Beware Human Sinfulness

The President Bush’s proposed immigration bill recently failed to pass the Senate. Many Senators, including Bush’s fellow Republicans, opposed the bill because they felt that there were too many loopholes that might be exploited. I feel sorry for those illegal immigrants, including some of our church members, who pinned their hopes for legal status on the passage of this bill.

If the Senators’ primary reason for opposing this bill was too many possible loopholes, I think they made a mistake. Every bill has room for exploitation. No matter how airtight lawmakers try to make a bill, people will always find loopholes to abuse, because human nature is evil.

When you make laws, you have to make them with a realistic understanding of sinful human nature. Otherwise, disaster ensues. A good example is Communism. Communists dreamed of a utopian society where everybody is equal. To realize this dream, they overthrew governments and made new laws and regulations. The result was a disaster; it only created new dictatorships and new elites in a different form. Their theories failed in reality because they failed to account for the fact that human nature is sinful and that human beings are fundamentally selfish.

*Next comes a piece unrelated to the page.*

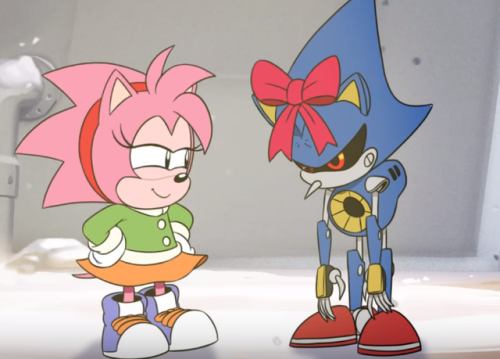 screenshotshellyeah:From: Sonic Mania Adventures Part 6(Yeah, Classic Amy is in the short)(Sí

This is why Capitalistic Democracy is superior – it recognizes human sinfulness and selfishness. The Democratic system encourages selfishness to increase productivity but attempts to limit it so that people don’t overstep their boundaries and infringe on other’s rights.

The checks and balances in the U.S. system of Democracy is based on a recognition of man’s sinfulness. The people who wrote the Constitution recognized the hunger for power in human nature and came up with a system where no one could hold all political power.

We Christians must also acknowledge human sinfulness. Of course, we are new creatures in Christ. We live according to this new nature as long as we are led by the Spirit. When we are not led by the Spirit, however, the old nature controls us. When we work with other Christians, we must prepare for times when they – and we – are not controlled by the Spirit. So when two Christians agree to work as business partners I always encourage them to write a formal contract because I see too many cases where good Christians become entirely different people when money is involved.

This is why I do not trust self-righteous people. They are so sure about being right that they neglect depending on the Holy Spirit. As a result, they often destroy themselves and the people around them. For the same reason, I also avoid working with people who are known for being “good”. I trust people who are aware of their sinfulness, because their awareness makes them depend on the Holy Spirit to do good work, thus making them less likely to fall.